Endogenous CK levels increase before measurable bud growth and are not associated with auxin depletion

To investigate whether changes in CK levels occurred outside the zone of auxin depletion, we quantified CK levels in internode 2 and 4 stem segments and node 2 buds in intact and decapitated plants (Figure 1D; Supplemental Figure 1). The quantified CKs include three types of bioactive forms: isopentenyladenine (iP), trans-zeatin (tZ), and dihydrozeatin (DZ), and their precursors and transported forms including CK ribosides, which may also be bioactive (Nguyen et al., 2021), and CK nucleosides. As previously reported with smaller seedlings of pea (Tanaka et al., 2006), auxin levels reduced and levels of iP- and tZ-type of CKs increased in the upper stem, verifying the expected anti-correlation of auxin and CK within the zone of auxin depletion (internode 4 segment; Figure 1D).
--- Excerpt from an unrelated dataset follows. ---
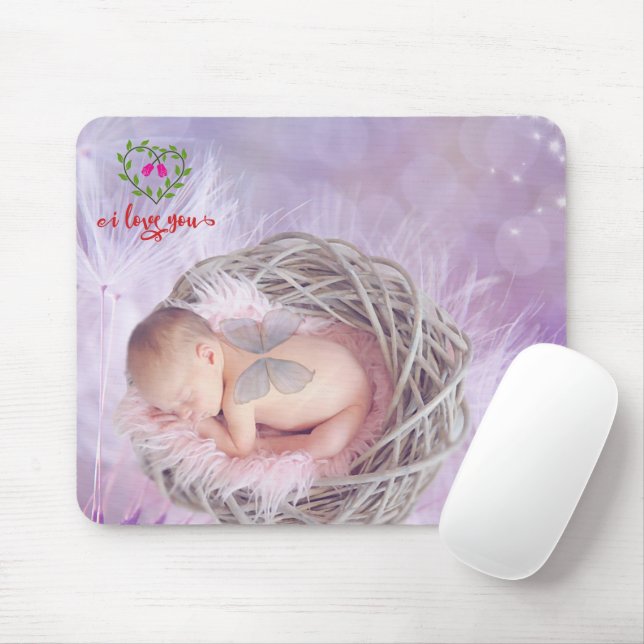Mousepad Eu Amo Você Foto Personalizada (Com mouse)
Auxin levels were not depleted in the stem at internode 2 until after 6 h. However, in this region outside the zone of auxin depletion, CK levels also increased rapidly in the stem (Figure 1D). In internode 2, all CKs except for trans-zeatin riboside-5′-monophosphate (tZMP), tZ, and DZ increased significantly at 1 h after decapitation. CK levels also increased in node 2 buds within 1 h and this included all types of CKs except for iP and DZ-riboside (Figure 1D; Supplemental Figure 1). In node 2 buds, this significant increase in CKs was sustained or enhanced throughout the 24 h time course except for iP which first significantly increased at 3 h in buds and then stopped accumulating and showed a significant decrease at 24 h after decapitation relative to the intact control (Figure 1D). Interestingly, outside the zone of auxin depletion in the stem, the auxin content in axillary buds at node 2 increased significantly at 3 h and continued to rise thereafter as previously described in bean (Phaseolus vulgaris) (Gocal et al., 1991).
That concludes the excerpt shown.